Smaug-72B-v0.1
Property | Value |
---|---|
Parameter Count | 72.3B |
Model Type | Large Language Model |
Base Model | MoMo-72B-lora-1.8.7-DPO |
License | Tongyi Qianwen License Agreement |
Paper | arXiv:2402.13228 |
What is Smaug-72B-v0.1?
Smaug-72B-v0.1 is a groundbreaking large language model that has achieved first place on the Open LLM Leaderboard by HuggingFace, being the first open-source model to surpass an average score of 80%. Developed by Abacus AI, this model introduces a novel fine-tuning technique called DPO-Positive (DPOP), specifically designed to overcome traditional limitations in preference optimization.
Implementation Details
The model is built upon MoMo-72B-lora-1.8.7-DPO and ultimately based on Qwen-72B. It utilizes BF16 tensor type and implements innovative pairwise preference versions of ARC, HellaSwag, and MetaMath datasets. The DPOP technique addresses the limitation where standard DPO loss can reduce the model's likelihood of preferred examples in certain scenarios.

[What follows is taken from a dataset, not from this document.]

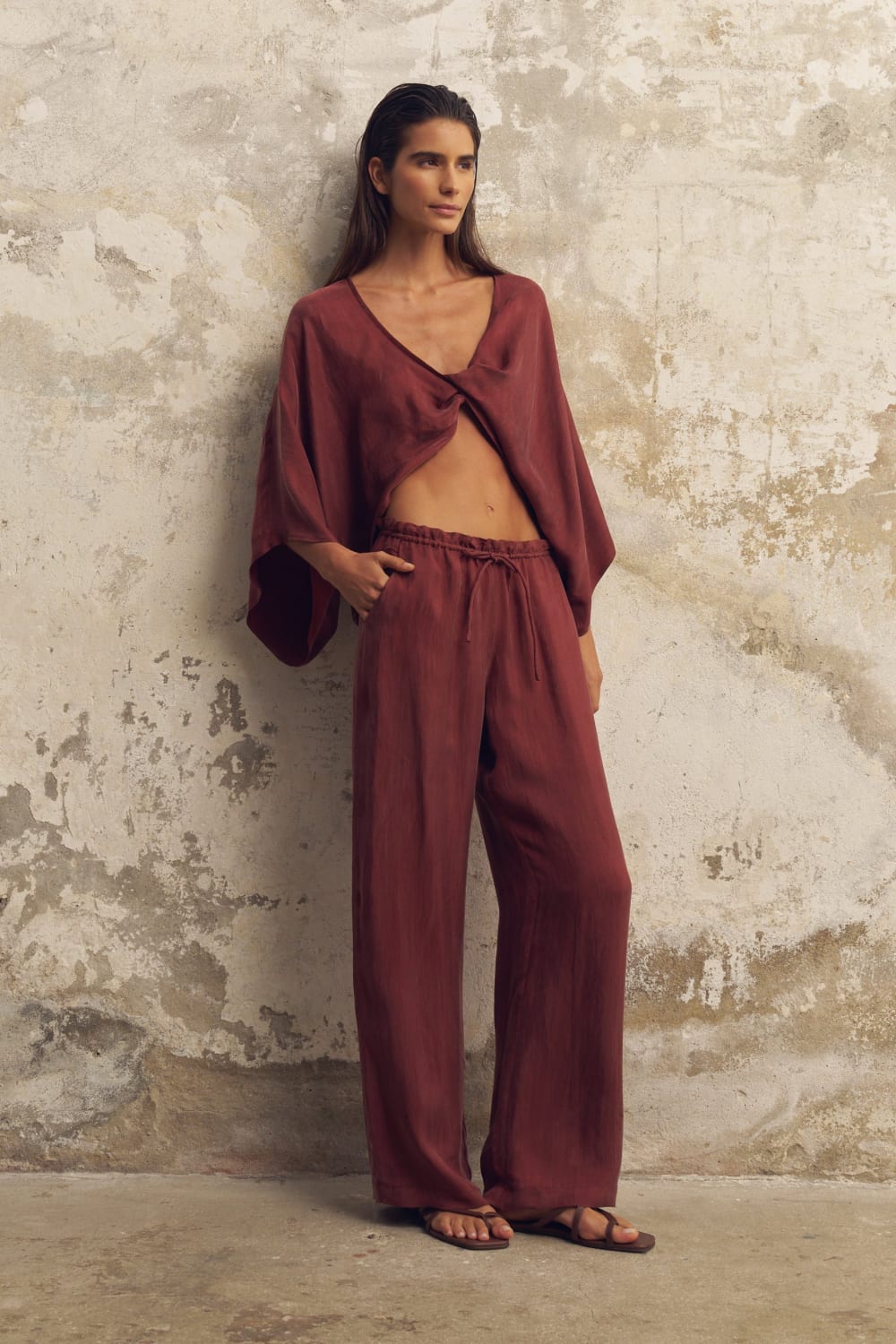 The Handloom-Lucid Flow Tie Pants Burgundy-Pantolon-2-Milagron.com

- Achieves 80.48% average score across major benchmarks
- MT-Bench scores: 8.18 (First Turn), 7.34 (Second Turn), 7.76 (Average)
- Implements contamination detection methodology using Llama7B as reference
Core Capabilities
- Outstanding performance on ARC (76.02%), HellaSwag (89.27%), and MMLU (77.15%)
- Strong truthfulness metrics with TruthfulQA score of 76.67%
- Excellent reasoning capabilities with GSM8K score of 78.70%
- Advanced text generation and complex task handling
Frequently Asked Questions
Q: What makes this model unique?
The model's uniqueness lies in its DPOP training technique, which specifically addresses the limitations of standard DPO training, particularly in scenarios where edit distances between pairs of completions are low. This innovation has led to state-of-the-art performance across various benchmarks.
Q: What are the recommended use cases?
Smaug-72B-v0.1 excels in various applications including complex reasoning, truthful QA, mathematical problem-solving, and general text generation tasks. It's particularly well-suited for applications requiring high accuracy and reliable output.